Laura Nash and Howard Stevenson published an article that is adapted from their book, in the February issue of the Harvard Business Review (go to [...] and search for "Success that lasts"). If you are time-constrained, for $6 it is a very good way to get an idea of what the book covers. And you can download the article too.
This is a review of the article but of course the concepts are the same.
Success can be so elusive. The authors compare it to an Escher drawing of a staircase! They propose an interesting framework to help us capture our own definition of success. After all we are the ones living our lives.
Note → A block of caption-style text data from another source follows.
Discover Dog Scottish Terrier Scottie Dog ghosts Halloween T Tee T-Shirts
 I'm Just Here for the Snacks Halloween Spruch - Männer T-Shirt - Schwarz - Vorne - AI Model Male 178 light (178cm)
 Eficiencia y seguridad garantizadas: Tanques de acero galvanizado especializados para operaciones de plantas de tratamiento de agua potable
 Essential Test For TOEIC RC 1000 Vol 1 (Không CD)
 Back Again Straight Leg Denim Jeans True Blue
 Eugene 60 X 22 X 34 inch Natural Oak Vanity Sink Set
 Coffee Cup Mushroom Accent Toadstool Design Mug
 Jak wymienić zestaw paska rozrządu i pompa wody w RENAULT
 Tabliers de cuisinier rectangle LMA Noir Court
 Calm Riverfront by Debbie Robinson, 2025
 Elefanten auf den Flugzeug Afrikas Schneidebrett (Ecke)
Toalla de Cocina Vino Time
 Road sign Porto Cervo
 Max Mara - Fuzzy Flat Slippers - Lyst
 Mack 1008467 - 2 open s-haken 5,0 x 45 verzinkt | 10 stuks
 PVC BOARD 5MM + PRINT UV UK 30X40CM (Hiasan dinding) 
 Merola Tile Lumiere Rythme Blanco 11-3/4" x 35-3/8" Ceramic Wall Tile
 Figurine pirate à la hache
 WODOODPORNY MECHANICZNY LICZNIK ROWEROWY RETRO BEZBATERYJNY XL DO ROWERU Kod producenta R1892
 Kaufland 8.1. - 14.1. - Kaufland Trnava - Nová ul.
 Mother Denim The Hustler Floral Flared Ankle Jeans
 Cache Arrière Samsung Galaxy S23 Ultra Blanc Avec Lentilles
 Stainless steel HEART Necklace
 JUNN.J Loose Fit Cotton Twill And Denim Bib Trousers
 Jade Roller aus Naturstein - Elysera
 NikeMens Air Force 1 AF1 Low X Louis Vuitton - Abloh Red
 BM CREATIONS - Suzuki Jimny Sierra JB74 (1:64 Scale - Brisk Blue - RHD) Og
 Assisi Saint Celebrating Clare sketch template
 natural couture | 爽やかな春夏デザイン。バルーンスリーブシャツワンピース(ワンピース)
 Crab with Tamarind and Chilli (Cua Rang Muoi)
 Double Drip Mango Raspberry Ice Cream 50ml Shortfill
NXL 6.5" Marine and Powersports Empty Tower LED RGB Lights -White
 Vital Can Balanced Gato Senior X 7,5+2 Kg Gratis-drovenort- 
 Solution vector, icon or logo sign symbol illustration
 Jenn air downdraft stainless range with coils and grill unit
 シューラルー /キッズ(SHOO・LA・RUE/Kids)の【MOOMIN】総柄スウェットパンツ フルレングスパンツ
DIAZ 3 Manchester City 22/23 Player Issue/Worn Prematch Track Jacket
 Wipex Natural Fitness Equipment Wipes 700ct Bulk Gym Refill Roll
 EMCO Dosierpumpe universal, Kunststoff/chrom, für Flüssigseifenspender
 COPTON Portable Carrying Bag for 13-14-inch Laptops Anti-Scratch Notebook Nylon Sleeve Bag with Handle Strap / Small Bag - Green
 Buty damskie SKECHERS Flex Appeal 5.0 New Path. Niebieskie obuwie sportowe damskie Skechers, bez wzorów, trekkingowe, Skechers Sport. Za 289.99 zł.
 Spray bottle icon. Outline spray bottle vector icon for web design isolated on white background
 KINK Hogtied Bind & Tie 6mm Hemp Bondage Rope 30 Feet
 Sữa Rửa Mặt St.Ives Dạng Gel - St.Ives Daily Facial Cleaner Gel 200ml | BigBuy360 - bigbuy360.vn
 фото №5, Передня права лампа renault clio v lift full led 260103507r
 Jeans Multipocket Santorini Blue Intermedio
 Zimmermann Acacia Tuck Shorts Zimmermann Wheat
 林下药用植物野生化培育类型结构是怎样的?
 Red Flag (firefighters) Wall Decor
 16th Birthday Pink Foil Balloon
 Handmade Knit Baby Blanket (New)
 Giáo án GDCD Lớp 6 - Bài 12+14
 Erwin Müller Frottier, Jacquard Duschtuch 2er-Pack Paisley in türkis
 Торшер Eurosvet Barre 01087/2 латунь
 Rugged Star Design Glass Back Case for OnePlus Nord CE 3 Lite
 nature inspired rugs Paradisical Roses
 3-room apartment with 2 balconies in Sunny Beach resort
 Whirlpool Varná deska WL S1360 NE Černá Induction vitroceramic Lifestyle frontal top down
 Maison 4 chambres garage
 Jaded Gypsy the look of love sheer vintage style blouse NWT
Why let anyone else decide for us?
In their view success comes from 4 irreducible components:
happiness (feelings of pleasure or contentment about your life); achievement (accomplishments that compare favorably against similar goals others have strived for); significance (the sense that you've made a positive impact on people you care about); and legacy (a way to establish your values or accomplishments so as to help others find future success).
But they note that unfortunately, "you cannot neatly categorize the realms of your life, assigning happiness to self, achievement to work, significance to family, legacy to community."
So, "no matter how noble, one goal can't satisfy all of a person's complex needs and desires." Actually, they say that since we have limited time and energy, we need to find a balance, something along the lines of less (in any one category) is more (overall).
To capture this, the authors have developed an interesting metaphor: The Kaleidoscope Strategy. It combines the four components with the realms of life: self, work, family, community. It brings structure to our exploration of what success means to us. The Kaleidoscope comes with a set of questions, to help us shed light on our findings.